▶ Data to use
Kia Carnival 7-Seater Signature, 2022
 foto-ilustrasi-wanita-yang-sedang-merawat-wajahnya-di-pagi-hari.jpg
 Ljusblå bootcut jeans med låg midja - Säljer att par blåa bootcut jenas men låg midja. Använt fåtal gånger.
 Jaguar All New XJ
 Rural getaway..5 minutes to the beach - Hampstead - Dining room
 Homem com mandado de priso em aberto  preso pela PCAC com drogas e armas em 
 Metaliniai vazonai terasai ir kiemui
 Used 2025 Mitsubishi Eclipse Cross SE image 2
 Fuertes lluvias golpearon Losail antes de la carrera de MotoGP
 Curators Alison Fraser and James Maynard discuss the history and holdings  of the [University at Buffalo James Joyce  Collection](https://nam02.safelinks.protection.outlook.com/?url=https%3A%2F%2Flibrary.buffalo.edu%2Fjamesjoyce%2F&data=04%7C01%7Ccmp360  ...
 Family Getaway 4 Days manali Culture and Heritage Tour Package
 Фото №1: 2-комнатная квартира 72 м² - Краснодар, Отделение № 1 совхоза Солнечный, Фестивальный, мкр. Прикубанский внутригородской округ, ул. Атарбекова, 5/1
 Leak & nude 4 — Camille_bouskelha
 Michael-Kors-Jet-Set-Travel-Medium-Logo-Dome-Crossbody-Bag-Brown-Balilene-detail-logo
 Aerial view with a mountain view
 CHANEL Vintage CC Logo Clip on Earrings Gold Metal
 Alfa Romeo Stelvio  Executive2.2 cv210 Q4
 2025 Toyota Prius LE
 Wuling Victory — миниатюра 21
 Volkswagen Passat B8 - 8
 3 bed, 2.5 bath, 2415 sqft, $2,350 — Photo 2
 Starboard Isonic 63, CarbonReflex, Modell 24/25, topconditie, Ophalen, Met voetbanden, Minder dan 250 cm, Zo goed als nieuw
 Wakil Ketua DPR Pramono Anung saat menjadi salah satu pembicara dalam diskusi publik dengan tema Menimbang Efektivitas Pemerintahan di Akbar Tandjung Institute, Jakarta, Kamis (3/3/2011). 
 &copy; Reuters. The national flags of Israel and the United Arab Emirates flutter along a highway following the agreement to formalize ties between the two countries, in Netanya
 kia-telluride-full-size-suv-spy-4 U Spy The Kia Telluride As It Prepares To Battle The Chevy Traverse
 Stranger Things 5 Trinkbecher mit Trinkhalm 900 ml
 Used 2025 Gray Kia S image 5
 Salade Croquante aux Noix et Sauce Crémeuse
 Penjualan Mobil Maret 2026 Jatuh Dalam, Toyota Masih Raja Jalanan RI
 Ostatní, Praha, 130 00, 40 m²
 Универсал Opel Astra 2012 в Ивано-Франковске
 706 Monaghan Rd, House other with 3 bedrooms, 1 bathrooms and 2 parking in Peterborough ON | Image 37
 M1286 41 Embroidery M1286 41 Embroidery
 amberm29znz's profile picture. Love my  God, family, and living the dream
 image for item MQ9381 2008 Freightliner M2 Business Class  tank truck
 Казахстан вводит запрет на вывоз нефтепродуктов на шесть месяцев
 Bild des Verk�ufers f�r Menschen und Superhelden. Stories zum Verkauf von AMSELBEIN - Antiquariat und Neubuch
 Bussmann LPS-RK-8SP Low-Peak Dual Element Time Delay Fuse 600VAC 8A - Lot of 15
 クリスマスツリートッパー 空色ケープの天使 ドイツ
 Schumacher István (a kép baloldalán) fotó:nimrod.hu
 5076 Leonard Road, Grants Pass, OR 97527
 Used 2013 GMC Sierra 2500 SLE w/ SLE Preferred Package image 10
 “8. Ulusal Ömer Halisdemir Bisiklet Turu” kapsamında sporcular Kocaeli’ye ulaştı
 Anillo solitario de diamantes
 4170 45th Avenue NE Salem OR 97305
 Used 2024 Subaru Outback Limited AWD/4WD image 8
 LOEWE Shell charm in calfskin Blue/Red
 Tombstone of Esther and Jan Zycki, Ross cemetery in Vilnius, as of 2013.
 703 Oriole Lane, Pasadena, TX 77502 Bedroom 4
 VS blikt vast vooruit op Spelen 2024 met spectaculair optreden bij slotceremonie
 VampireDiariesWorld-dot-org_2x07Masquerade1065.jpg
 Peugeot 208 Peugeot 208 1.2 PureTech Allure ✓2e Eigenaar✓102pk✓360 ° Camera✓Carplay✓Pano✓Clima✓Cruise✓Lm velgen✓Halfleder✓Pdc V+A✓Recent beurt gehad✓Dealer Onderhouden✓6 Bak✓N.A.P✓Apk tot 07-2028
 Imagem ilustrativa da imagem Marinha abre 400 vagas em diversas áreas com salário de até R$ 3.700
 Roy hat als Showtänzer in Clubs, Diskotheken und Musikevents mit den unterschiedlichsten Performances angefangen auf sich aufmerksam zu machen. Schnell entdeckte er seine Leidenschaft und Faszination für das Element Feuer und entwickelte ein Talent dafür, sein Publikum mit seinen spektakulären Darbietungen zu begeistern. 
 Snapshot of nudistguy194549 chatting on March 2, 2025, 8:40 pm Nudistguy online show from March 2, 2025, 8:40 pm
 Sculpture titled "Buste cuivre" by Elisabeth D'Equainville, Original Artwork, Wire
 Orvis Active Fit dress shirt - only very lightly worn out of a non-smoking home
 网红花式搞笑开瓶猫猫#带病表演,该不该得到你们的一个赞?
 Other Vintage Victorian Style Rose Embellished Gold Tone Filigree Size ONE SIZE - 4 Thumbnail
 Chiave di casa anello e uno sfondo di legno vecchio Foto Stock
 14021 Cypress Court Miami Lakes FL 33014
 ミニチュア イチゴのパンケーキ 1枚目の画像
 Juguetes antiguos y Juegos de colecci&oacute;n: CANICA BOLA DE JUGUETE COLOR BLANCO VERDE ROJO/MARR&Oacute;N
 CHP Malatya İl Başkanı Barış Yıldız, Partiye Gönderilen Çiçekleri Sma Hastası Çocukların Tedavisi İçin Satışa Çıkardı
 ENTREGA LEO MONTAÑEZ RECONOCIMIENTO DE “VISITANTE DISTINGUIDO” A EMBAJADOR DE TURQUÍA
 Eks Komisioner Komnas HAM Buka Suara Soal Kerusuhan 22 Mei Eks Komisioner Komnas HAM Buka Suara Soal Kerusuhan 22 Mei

▶ Your instructions
Above are the records; repeat exactly the lines from the one holding "Curators Alison Fraser" down to the one holding "Aerial view with a mountain view", end lines included.

▶ Result
 Curators Alison Fraser and James Maynard discuss the history and holdings  of the [University at Buffalo James Joyce  Collection](https://nam02.safelinks.protection.outlook.com/?url=https%3A%2F%2Flibrary.buffalo.edu%2Fjamesjoyce%2F&data=04%7C01%7Ccmp360  ...
 Family Getaway 4 Days manali Culture and Heritage Tour Package
 Фото №1: 2-комнатная квартира 72 м² - Краснодар, Отделение № 1 совхоза Солнечный, Фестивальный, мкр. Прикубанский внутригородской округ, ул. Атарбекова, 5/1
 Leak & nude 4 — Camille_bouskelha
 Michael-Kors-Jet-Set-Travel-Medium-Logo-Dome-Crossbody-Bag-Brown-Balilene-detail-logo
 Aerial view with a mountain view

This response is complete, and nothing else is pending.